__WORK REQUIRED__.
Word for word, repeat the records, leaving every picture behind.

__DATASET CONTENT__.
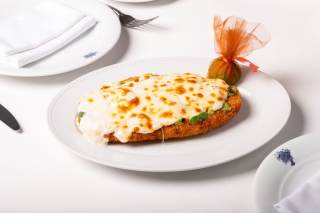 Chicken Cordon Bleu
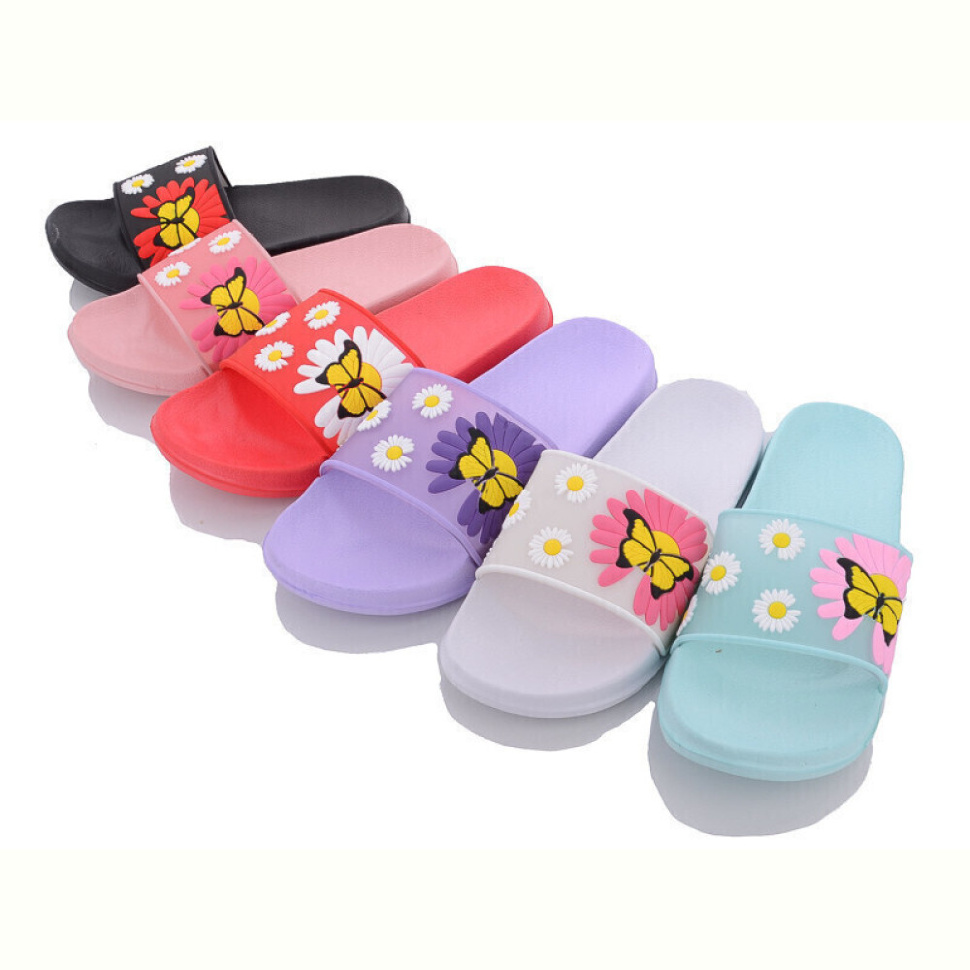 Шлепки Alex 8809-1 mix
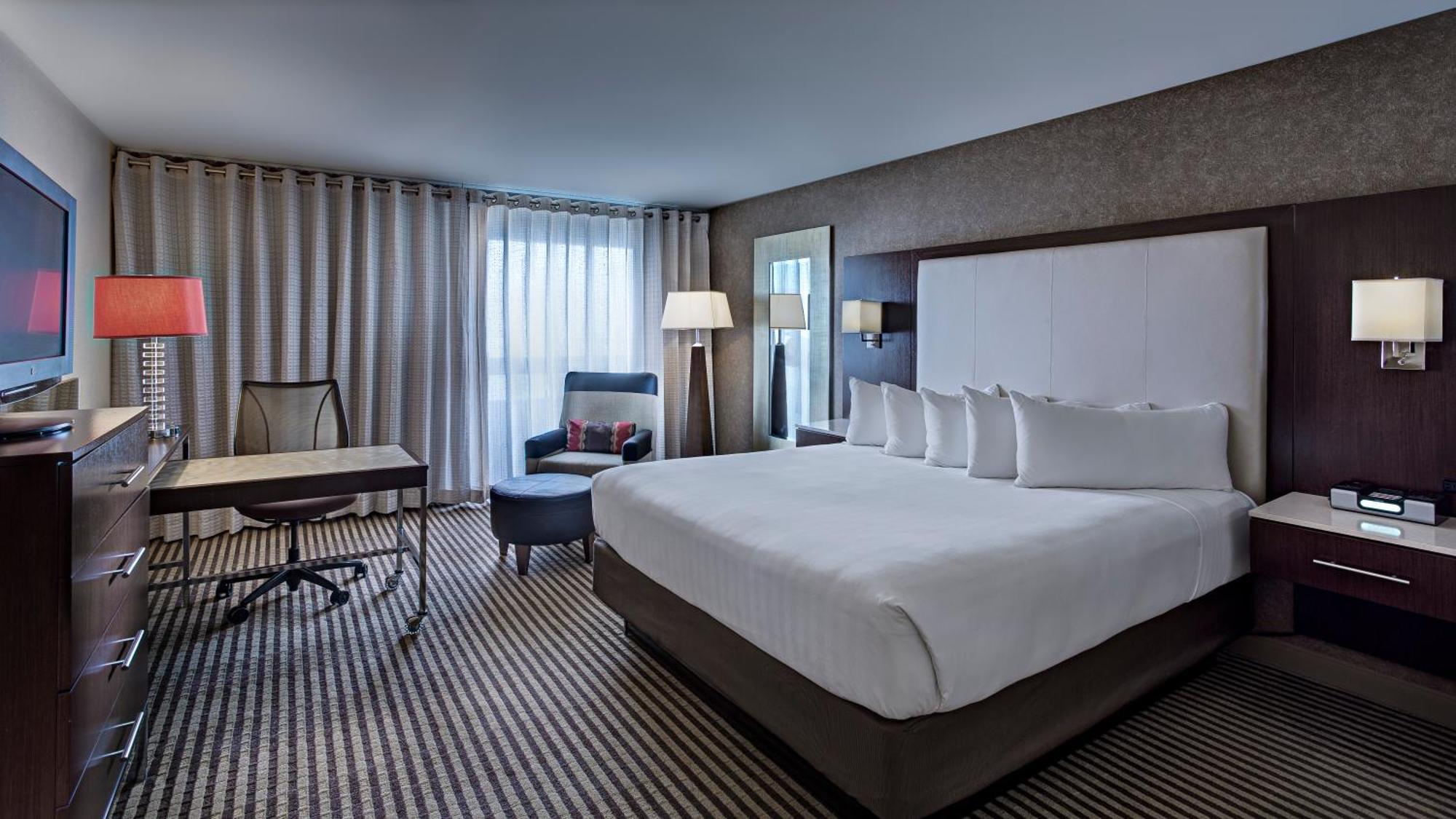 Hyatt Regency Dfw International Airport Hotel Grapevine Bagian luar foto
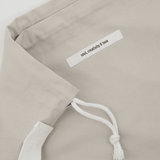 Tasche - Cotton Cataria light grey von Meraki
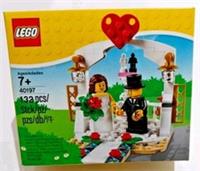 LEGO Set 40197 - Wedding Favour Set New & Sealed Cake Topper Idea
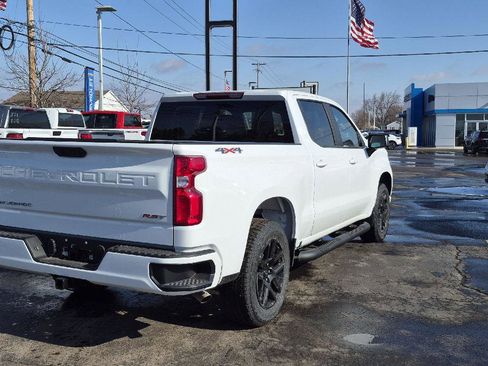 New 2026 Chevrolet Silverado 1500 RST w/ RST Select Package image 5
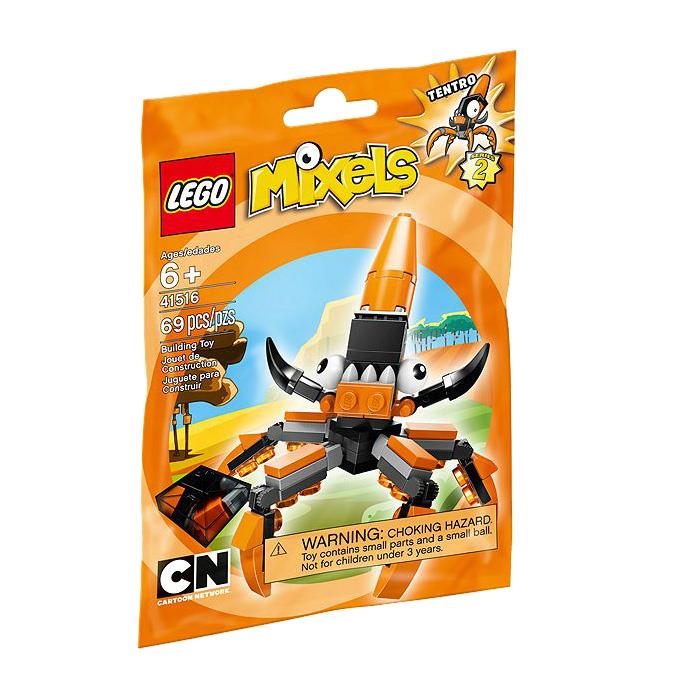 Lego Mixels Tentro 41516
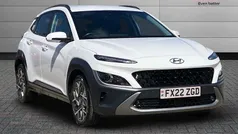 Used 2023 Hyundai Kona Premium SUV | £15,659 (Fair price)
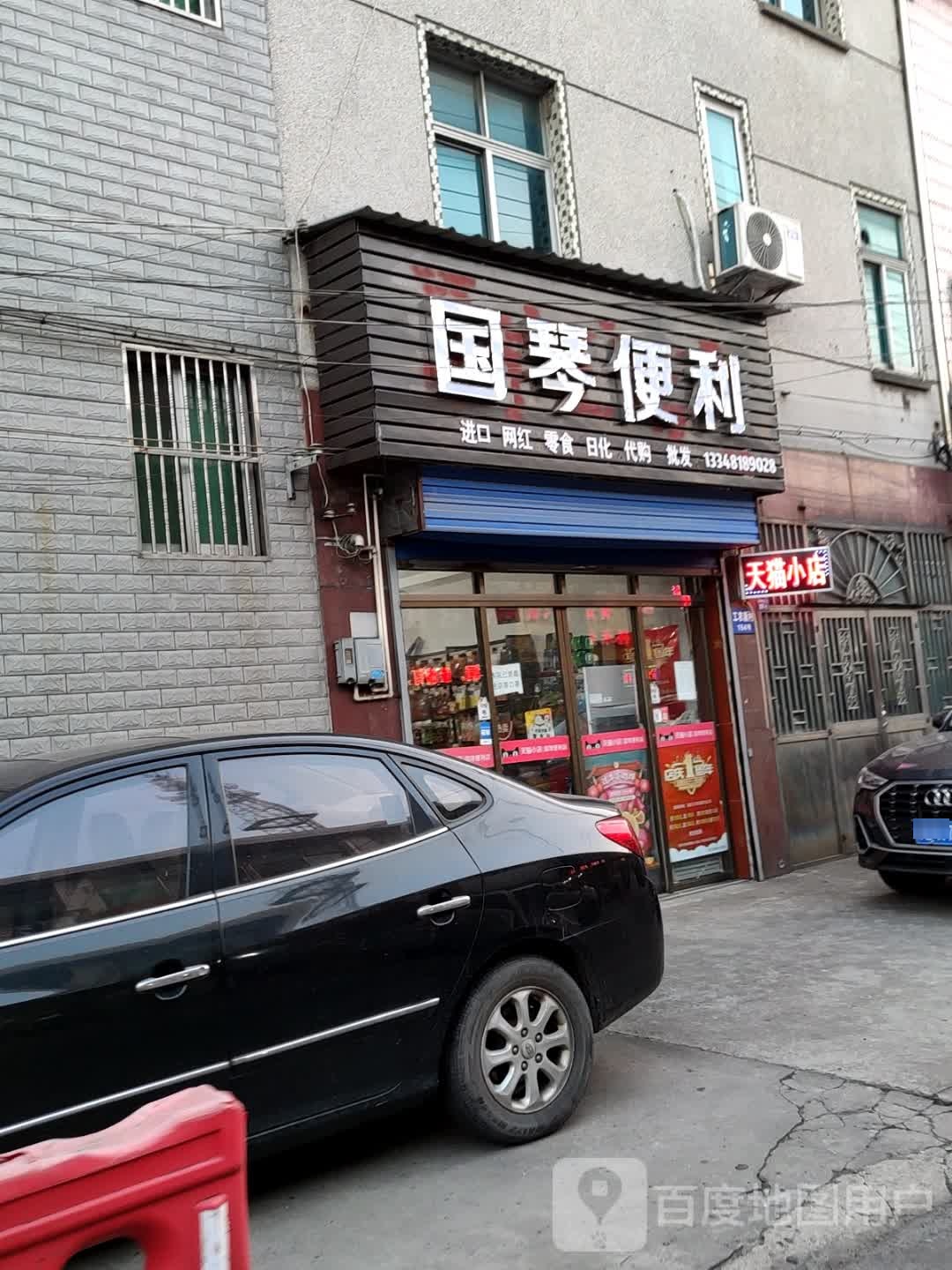 国琴便利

__RESPONSE TO THIS TASK__.
 Chicken Cordon Bleu
 Шлепки Alex 8809-1 mix
 Hyatt Regency Dfw International Airport Hotel Grapevine Bagian luar foto
 Tasche - Cotton Cataria light grey von Meraki
 LEGO Set 40197 - Wedding Favour Set New & Sealed Cake Topper Idea
 New 2026 Chevrolet Silverado 1500 RST w/ RST Select Package image 5
 Lego Mixels Tentro 41516
 Used 2023 Hyundai Kona Premium SUV | £15,659 (Fair price)
 国琴便利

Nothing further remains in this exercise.